Ahí ya solo quedan cosas que, o se saben desde hace tiempo, o son peccata minuta, chismorreo irrelevante sobre personajes de tercera. Lo que nos lleva a la segunda razón: que la pedofilia sea una afición ampliamente extendida entre la élite política, económica y cultural se me antoja francamente peculiar. Parece más una proyección siniestra de unas bases ignoradas que, por eso mismo, están dispuestas a creer lo peor de sus lejanos representantes políticos y adalides financieros.
En tercer lugar, si uno es lo bastante poderoso imagino que tendrá métodos más discretos y menos arriesgados de satisfacer sus perversiones que irse a una isla del Caribe propiedad de un personaje de más que dudosa reputación y encerrarse en un extraño templo. No sé, pero me parece tan idiota que no creo que alguien con tan escasa prudencia haya podido llegar muy lejos.
Pero el hecho de que la lista no exista es irrelevante, políticamente. Es un mito popular, pero los mitos populares tienen en política una fuerza extraordinaria. Epstein es el rostro visible de la célebre ciénaga que Trump venía a drenar y, de hecho, Trump lo utilizó a modo durante su campaña. No tanto directamente como a través de terceros, como su hijo Don Jr., que hablaba de desenmascarar a los clientes de Epstein a tiempo y a destiempo, o como Kash Patel, que hizo de esa revelación cuasi sagrada el pilar de su aspiración a la dirección del FBI.
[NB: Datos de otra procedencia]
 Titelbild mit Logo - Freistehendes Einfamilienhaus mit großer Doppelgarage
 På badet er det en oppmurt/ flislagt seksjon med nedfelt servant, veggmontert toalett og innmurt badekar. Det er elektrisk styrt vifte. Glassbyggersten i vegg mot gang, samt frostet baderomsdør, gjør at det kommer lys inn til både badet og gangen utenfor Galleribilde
Por eso es difícil entender por qué Trump pasó de anunciarla a, de golpe y porrazo, cuando su fiscal general, Pat Bondi, afirmaba en X tener ante sus ojos la dramática revelación de cientos de nombres, dio carpetazo a todo el asunto y de muy malas maneras llamó idiotas a aquellos de sus partidarios que seguían creyendo en el mito. Todo era una estafa de los demócratas, dijo y sigue diciendo, un asustaviejas, una trampa con la que cazar al propio Trump.
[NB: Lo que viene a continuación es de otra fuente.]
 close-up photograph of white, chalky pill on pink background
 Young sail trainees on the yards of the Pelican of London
No se entiende. La súbita medida le hacía parecer inmediatamente culpable a ojos de sus fieles. ¿Qué tenía que temer? Si hace pública la información y todo queda en agua de borrajas, no pierde nada; si la información satisface aunque sea mínimamente el morbo de los trumpistas, miel sobre hojuelas: le pondrían una estatua a Trump.
¿Era una especie de test de Trump para poner a prueba su control sobre las bases? ¿Una forma de acostumbrarles a la obediencia ciega al líder ungido y a sus caprichosos cambios de opinión?
O quizá sea simplemente que Trump sale en los correos de Epstein. No como pedófilo ni nada parecido, nada ilegal o abiertamente escandaloso, pero sí lo bastante próximo a Epstein y sus socios como para aparecer ante sus adoradores en la forma de aquello que más odian: una criatura más del pantano, que ha nadado toda su vida con soltura por sus aguas viscosas.